[Excerpts from a dataset]
-*-
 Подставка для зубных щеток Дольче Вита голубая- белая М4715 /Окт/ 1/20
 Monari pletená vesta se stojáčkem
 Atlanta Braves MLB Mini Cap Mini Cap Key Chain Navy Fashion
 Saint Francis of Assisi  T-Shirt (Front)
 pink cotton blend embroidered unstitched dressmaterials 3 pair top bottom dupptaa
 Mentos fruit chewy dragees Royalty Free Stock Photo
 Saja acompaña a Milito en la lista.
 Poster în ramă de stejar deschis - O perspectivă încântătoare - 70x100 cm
-*-
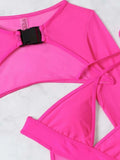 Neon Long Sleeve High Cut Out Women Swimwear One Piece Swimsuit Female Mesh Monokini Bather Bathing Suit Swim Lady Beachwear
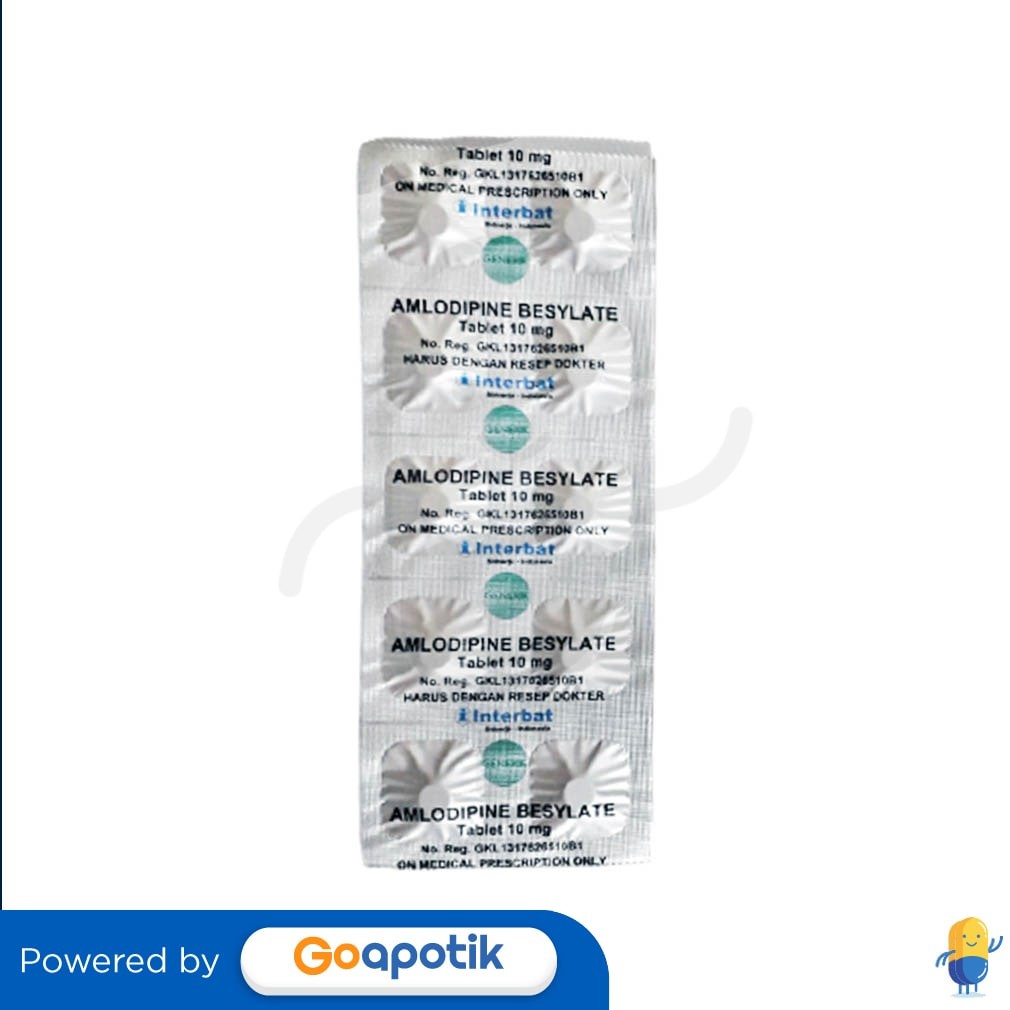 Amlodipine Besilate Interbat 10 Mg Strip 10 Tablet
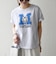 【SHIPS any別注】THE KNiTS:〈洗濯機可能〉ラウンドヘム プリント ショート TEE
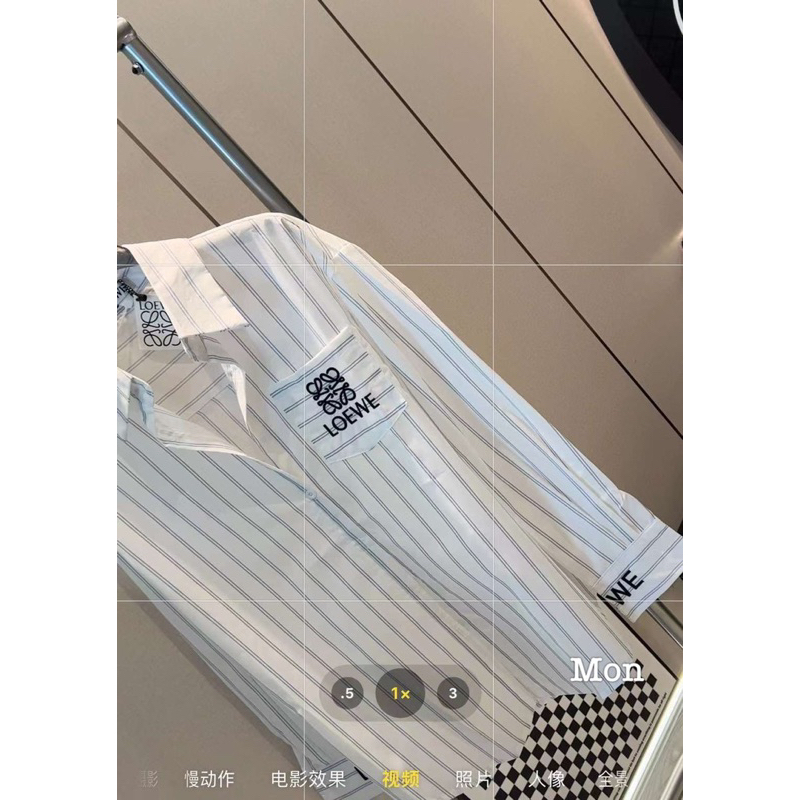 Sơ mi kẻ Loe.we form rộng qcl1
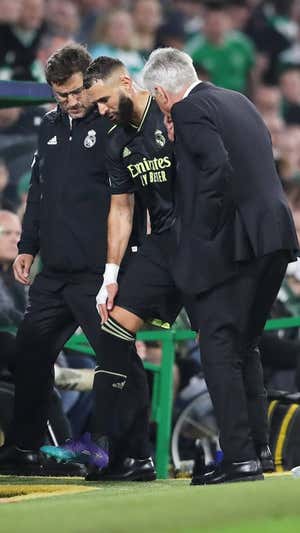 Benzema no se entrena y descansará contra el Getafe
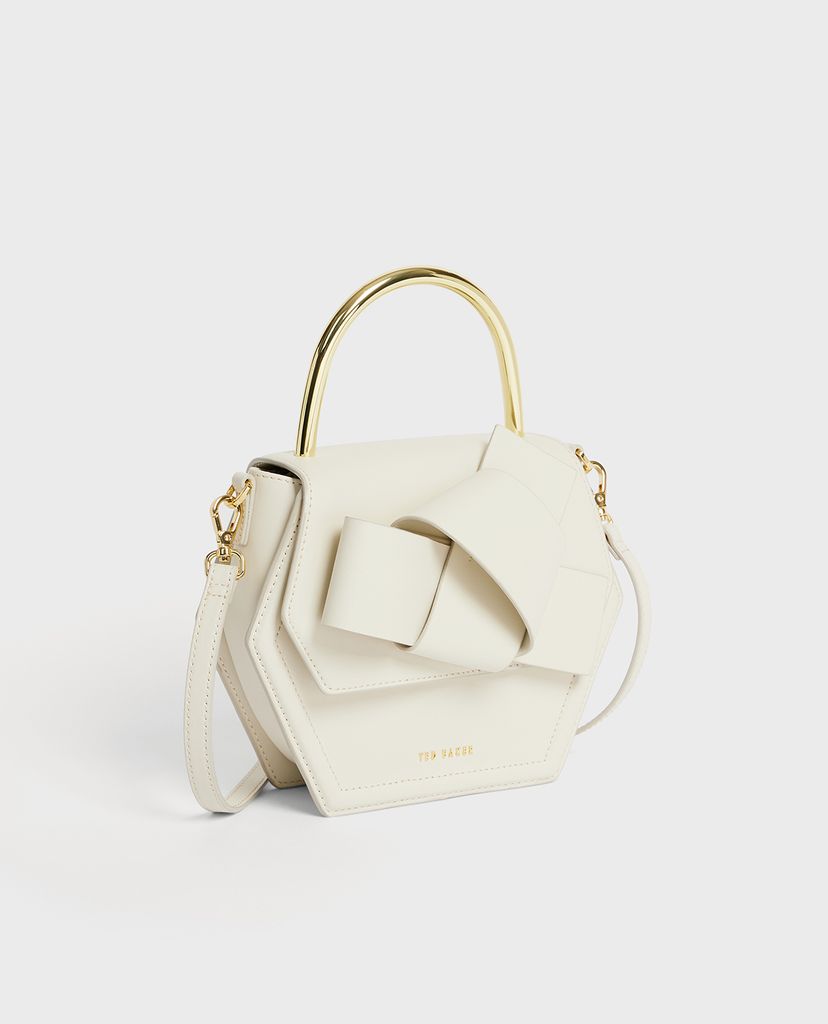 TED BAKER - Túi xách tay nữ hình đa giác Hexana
-*-
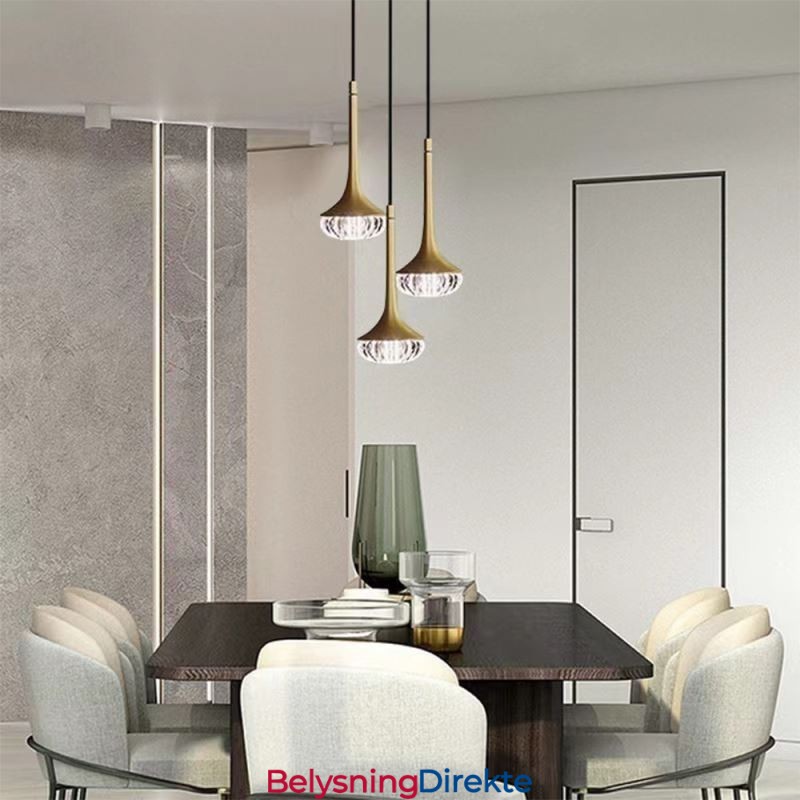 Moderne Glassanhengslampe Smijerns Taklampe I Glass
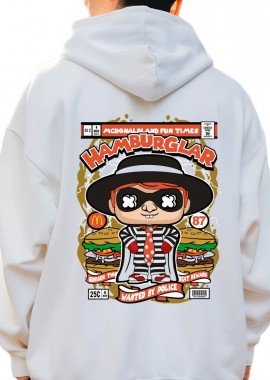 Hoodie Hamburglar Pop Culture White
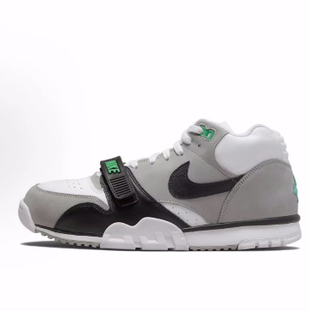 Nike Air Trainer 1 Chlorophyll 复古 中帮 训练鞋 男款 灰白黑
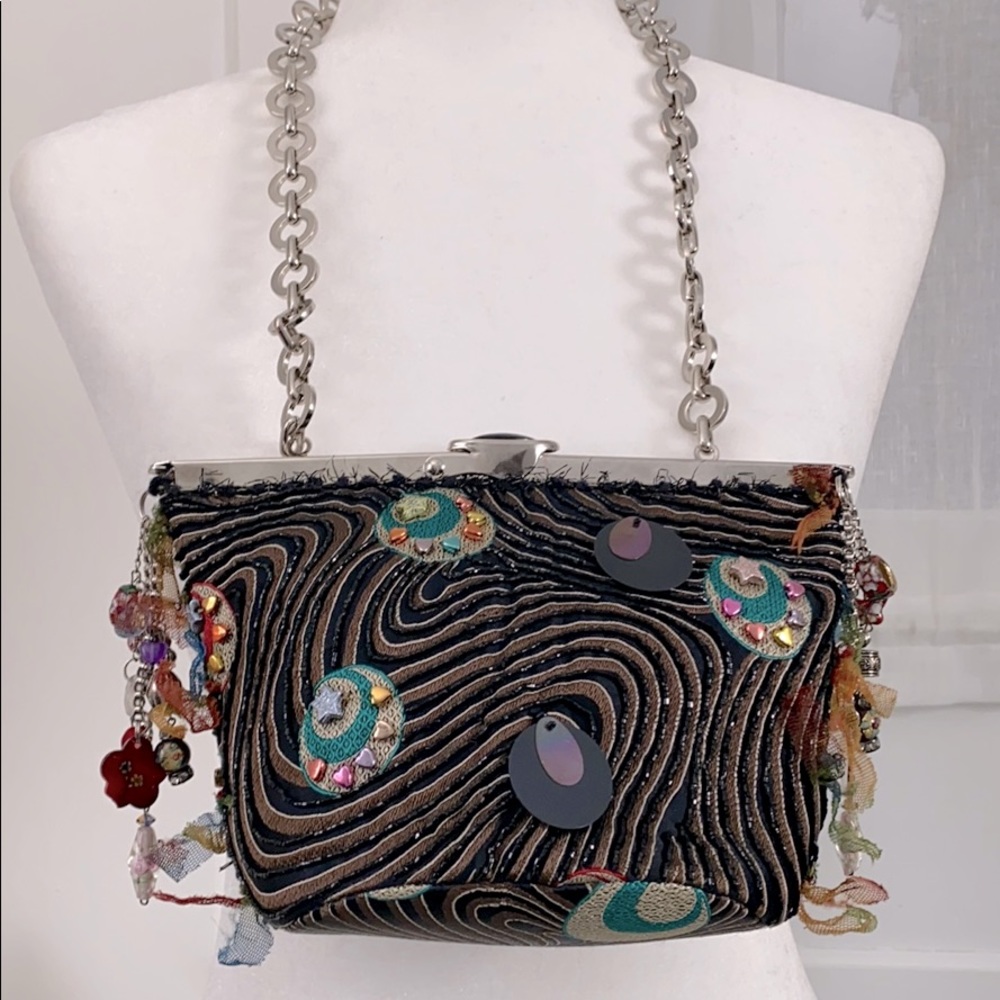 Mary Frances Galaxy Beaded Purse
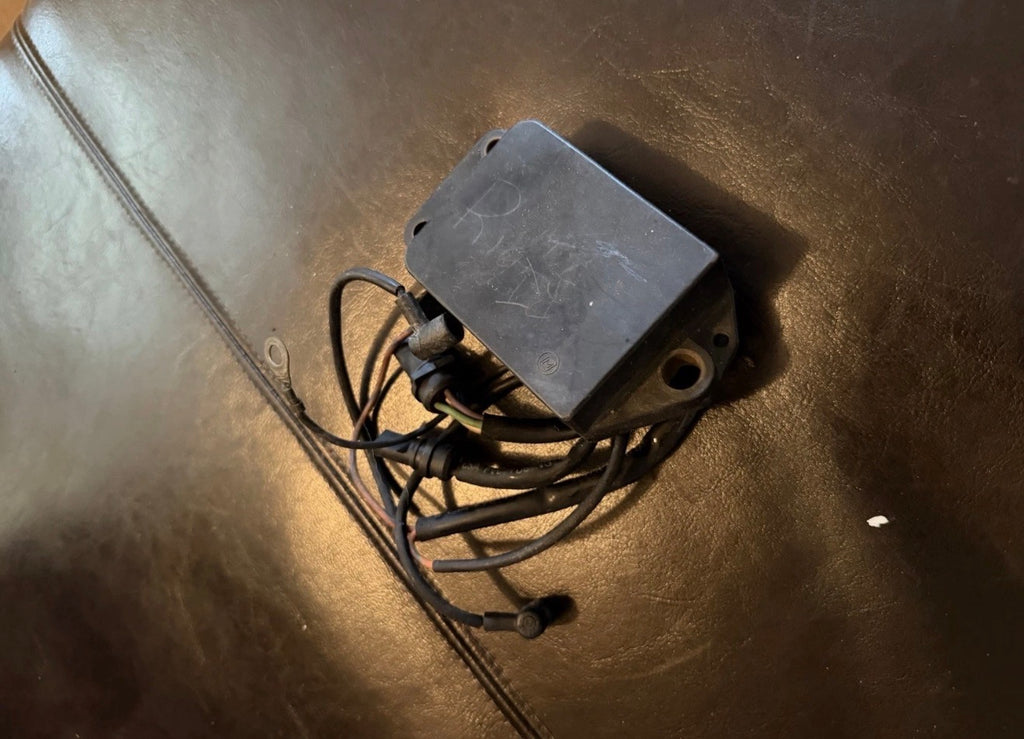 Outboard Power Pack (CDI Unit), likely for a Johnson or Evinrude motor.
-*-
▶ AIM OF THE EXERCISE: Above are the records; return the lines in them from the one with "Mary Frances Galaxy Beaded Purse" to the one with "Outboard Power Pack", inclusive, exactly and without images.

▶ RESPONSE:
 Mary Frances Galaxy Beaded Purse
 Outboard Power Pack (CDI Unit), likely for a Johnson or Evinrude motor.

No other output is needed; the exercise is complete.